From time
to time we all come across the situation where we have planned a
great lesson that's chock full of interesting activities and planned
down to the last detail; a lesson that we are completely sure will wow the kids and work like a dream.
Then we
deliver it and realise that it just doesn't work, that the lesson is
falling apart before our very eyes. The temptation is to just tinker
with it, make a few adjustments around the edges and hope for the
best. That can be the wrong strategy.
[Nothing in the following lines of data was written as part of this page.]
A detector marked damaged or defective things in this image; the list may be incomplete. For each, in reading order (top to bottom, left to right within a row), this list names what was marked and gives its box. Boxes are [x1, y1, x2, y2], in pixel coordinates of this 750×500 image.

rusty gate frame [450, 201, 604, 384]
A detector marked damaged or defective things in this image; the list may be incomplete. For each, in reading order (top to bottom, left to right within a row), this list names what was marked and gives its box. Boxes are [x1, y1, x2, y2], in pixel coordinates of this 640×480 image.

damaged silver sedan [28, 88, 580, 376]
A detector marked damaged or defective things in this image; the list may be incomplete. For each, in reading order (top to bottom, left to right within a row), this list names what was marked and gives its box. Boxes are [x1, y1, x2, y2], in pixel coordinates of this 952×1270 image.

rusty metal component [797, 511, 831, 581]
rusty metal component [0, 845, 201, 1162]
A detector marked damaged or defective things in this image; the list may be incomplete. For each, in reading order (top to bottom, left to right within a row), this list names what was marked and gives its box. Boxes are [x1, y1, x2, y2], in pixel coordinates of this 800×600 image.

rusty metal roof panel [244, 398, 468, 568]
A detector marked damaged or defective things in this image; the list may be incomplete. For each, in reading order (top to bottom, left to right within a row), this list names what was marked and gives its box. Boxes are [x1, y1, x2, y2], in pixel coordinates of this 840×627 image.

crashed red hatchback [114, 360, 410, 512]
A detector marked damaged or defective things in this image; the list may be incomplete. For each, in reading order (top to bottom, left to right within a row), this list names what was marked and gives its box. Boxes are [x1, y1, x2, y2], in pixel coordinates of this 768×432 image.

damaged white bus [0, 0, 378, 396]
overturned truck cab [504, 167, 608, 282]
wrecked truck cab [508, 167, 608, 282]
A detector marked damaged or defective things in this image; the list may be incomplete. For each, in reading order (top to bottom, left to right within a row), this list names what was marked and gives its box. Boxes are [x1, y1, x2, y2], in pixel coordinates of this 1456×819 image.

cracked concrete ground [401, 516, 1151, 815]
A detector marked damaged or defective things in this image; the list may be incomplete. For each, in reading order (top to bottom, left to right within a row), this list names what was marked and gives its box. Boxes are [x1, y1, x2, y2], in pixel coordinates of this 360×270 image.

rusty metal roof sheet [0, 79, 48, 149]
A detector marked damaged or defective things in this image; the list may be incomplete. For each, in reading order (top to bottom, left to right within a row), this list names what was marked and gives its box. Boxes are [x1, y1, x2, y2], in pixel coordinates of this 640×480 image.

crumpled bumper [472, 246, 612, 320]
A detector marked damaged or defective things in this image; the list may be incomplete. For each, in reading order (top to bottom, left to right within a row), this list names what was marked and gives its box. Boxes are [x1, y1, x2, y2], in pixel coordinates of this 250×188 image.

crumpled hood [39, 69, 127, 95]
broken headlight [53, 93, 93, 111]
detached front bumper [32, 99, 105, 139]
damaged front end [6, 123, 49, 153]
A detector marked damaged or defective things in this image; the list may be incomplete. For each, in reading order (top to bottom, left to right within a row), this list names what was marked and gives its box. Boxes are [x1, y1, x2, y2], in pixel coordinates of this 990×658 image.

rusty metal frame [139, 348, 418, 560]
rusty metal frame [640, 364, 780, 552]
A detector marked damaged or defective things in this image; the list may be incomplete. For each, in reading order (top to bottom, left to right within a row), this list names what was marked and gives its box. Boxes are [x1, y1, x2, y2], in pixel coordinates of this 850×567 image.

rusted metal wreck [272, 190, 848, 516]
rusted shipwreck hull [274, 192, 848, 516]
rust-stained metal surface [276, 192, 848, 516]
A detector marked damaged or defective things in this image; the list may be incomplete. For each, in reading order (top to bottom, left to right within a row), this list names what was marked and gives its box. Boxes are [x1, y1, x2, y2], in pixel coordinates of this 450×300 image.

We have learn to let go.
It
happened to me this week and I realised it would be a useful lesson
for the teachers that I trained to take a look at the process of
adjusting a lesson until it does work.
So here it
is.
The
lesson, according to the schedule was to be about robots and I had
the idea of making it more interesting by basing it on the TV show
“Robot Wars”. For anyone who doesn't know what this is, it's a
show where teams build remote controlled robots and then battle them
in an arena until one of the robots is destroyed or incapable of
continuing.
The
outline of my lesson went like this.
- Show a short section of the show including a battle between two robots and a shot of the statistics that are shown for each robot. (These include size, weight, power source, type of locomotion and weapons, strengths and weaknesses.)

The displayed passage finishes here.